My mom was much happier before she had to retire (she was forced to; her post was abolished) but she always found things to keep herself busy after: she started and ran a tiny corner store out of our house (she loved selling candies to little kids), and taught English at a language school and privately at home. I often overheard her brag to her pupils about how good my English was, how good I was with computers, and how my good English and computer skills helped me get good jobs. She was such a mom. But then my dad had to retire too and things changed for the worse.
The only time my mom could be herself was when my dad went out of town. She would hum some oldies songs, make silly mom jokes, and just seem so relaxed and happy. I loved when my mom was happy. It made me happy. But my dad wasn’t away very often ever since he retired because, unlike my mom, he was fine with not doing much. I very rarely saw my mom happy since.
Alanis Morissette’s “Heart of the House” describes the kind of relationship I had with my mom perfectly. It could’ve been our anthem. We were each other’s buddy and ally, and my mom was undoubtedly the heart of the house. After she died, our house no longer felt like home.
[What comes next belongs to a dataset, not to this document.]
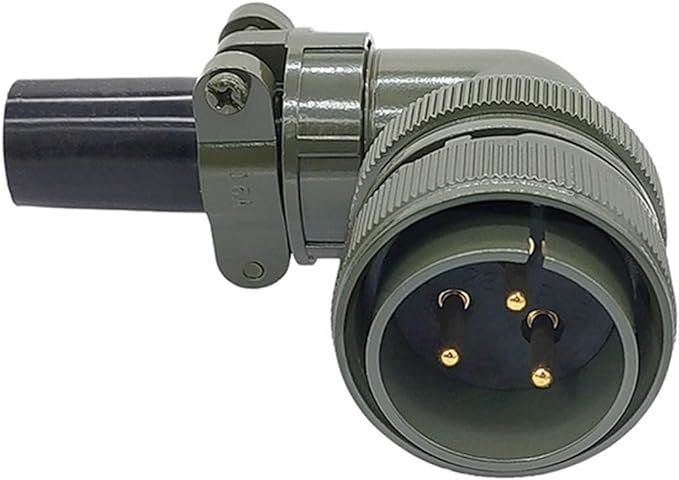 MS3108-28-3P 3 Pinli 90° Derece Erkek Askeri Tip Konnektör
It was just a house full of pain and sadness that I had to escape at all costs, dead or alive.
Carly Simon’s “Like A River” helped me deal with losing my mom a little bit. It is comforting to think of her death as her being “already home, making it nice for when I come, like the way I find my bed turned down coming in from a late night out” because she used to do exactly that.
I sure do find comfort in the most obscure songs.